#### [What you have to do]
Only the lines from the one containing "In beautiful vintage condition." to the end of the material belong in your answer. Please copy them word for word.

___ Data shown

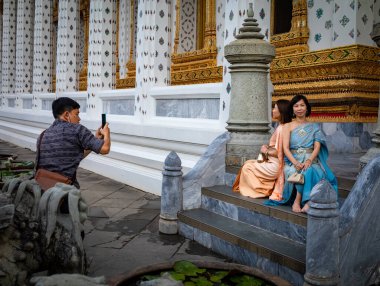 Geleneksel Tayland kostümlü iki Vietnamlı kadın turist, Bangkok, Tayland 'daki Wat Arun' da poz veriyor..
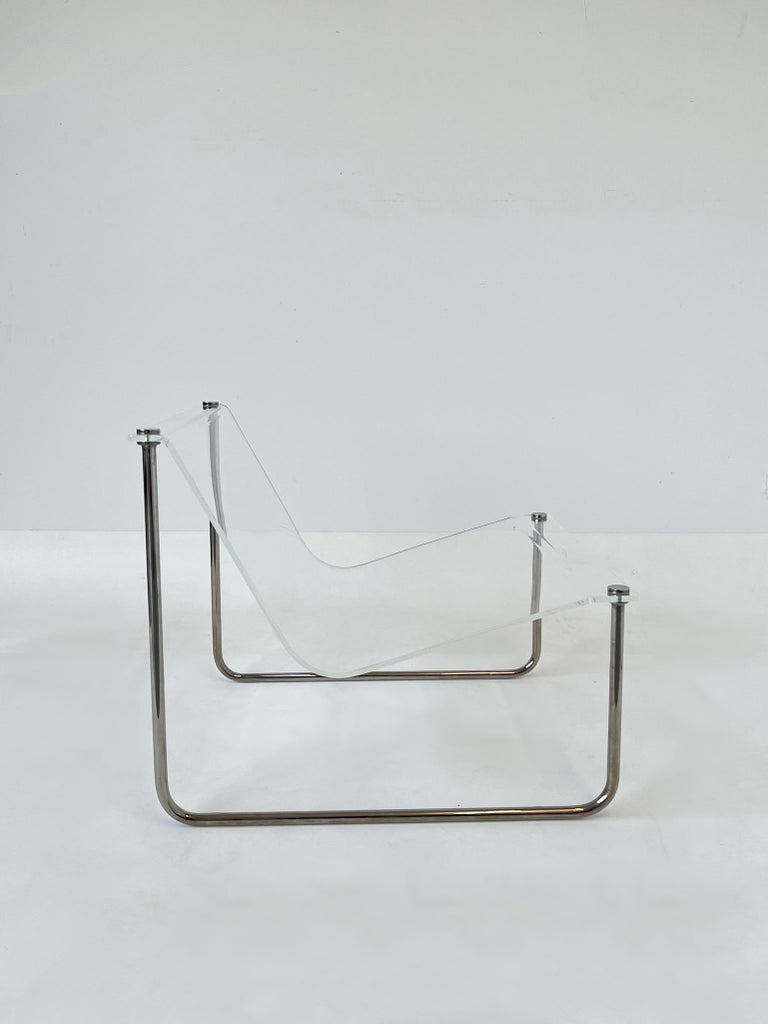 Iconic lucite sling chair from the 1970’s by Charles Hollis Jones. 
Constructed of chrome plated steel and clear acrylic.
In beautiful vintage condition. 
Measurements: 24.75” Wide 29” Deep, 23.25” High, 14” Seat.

______

#### [Exercise output]
In beautiful vintage condition. 
Measurements: 24.75” Wide 29” Deep, 23.25” High, 14” Seat.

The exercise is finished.